With the booming development of cross-border e-commerce, dangerous goods such as lithium batteries, battery-equipped devices and cosmetics have entered global logistics channels in large quantities in the form of small batches and multiple shipments. This trend has posed new challenges to the traditional dangerous goods packaging certificate application system designed for full-container cargo, and has spurred the rapid rise of "micro-compliance" services.
Take the air transport of lithium batteries as an example. The new 67th edition of the IATA DGR stipulates a mandatory requirement that the state of charge (SoC) of lithium batteries packed with equipment shall not exceed 30%. Such batteries must also use UN-standard packaging and obtain a dangerous goods packaging certificate. For cross-border e-commerce sellers, applying batch by batch under the traditional model is unaffordable in terms of both time and economic costs.
To address this pain point, the industry is actively exploring a model of pre-categorized packaging plus simplified declaration. Standardized compliant packaging solutions have been developed for common types of small dangerous goods, with performance appraisal completed in advance. Enterprises only need to select and file records according to actual shipment situations.

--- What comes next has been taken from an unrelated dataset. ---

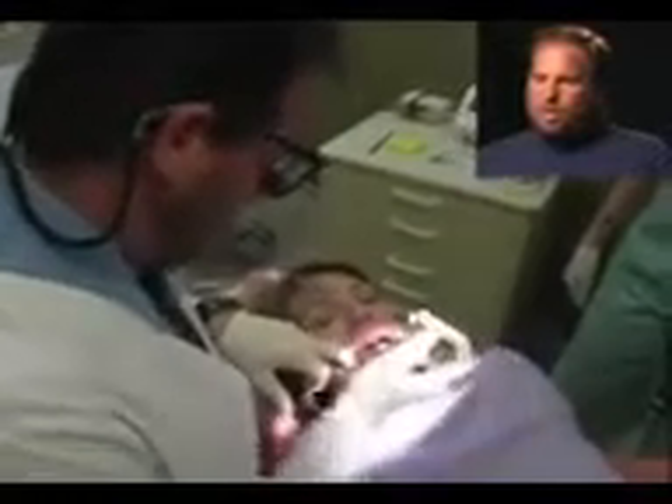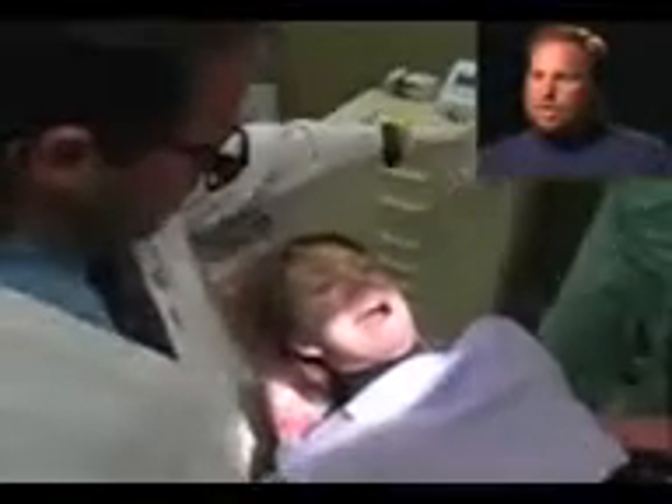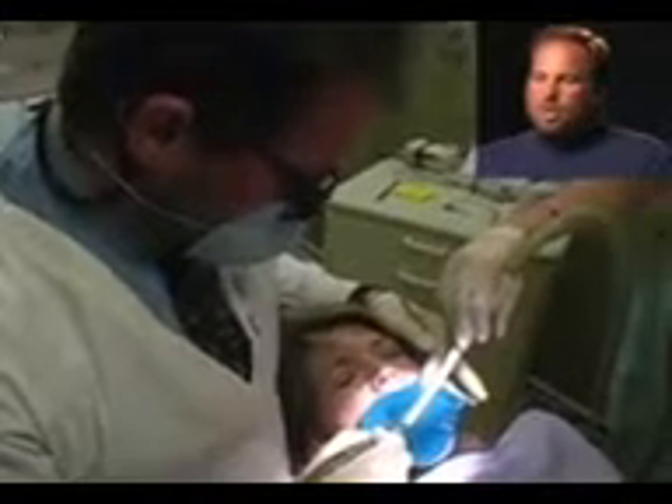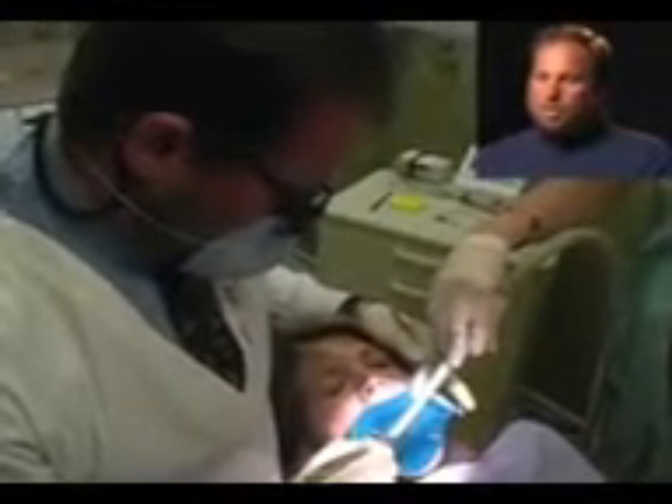We go ahead and place a clamp around the tooth that we're going to root canal, and then we isolate the tooth with a rubber barrier called a rubber dam. This isolates the tooth and keeps the area clean while we're working, and it keeps debris out of the mouth as well. Then we open the tooth up.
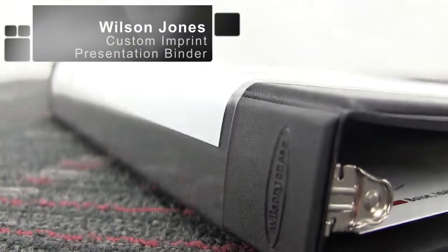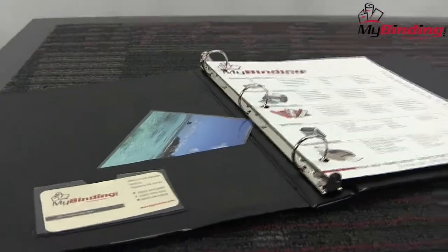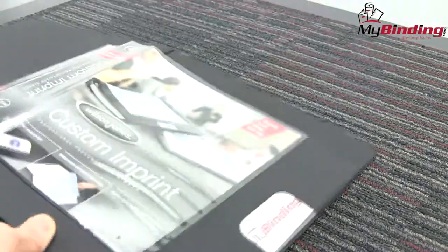Welcome to MyBinding video. This is the Wilson-Jones Custom Imprint Presentation Binder. These premium metallic flex poly presentation binders offer a unique professional option to keep you and your company ahead of the competition. They're designed to last and put a sleek professional edge on all your presentations.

Meanwhile, a number of third-party compliance service providers focusing on cross-border e-commerce have emerged, offering sellers one-stop "micro-compliance" services ranging from battery testing and packaging selection to dangerous goods packaging certificate application. In the future, dangerous goods packaging certificates applicable to cross-border e-commerce will be more integrated with electronic waybill systems to achieve one code per item for accurate traceability.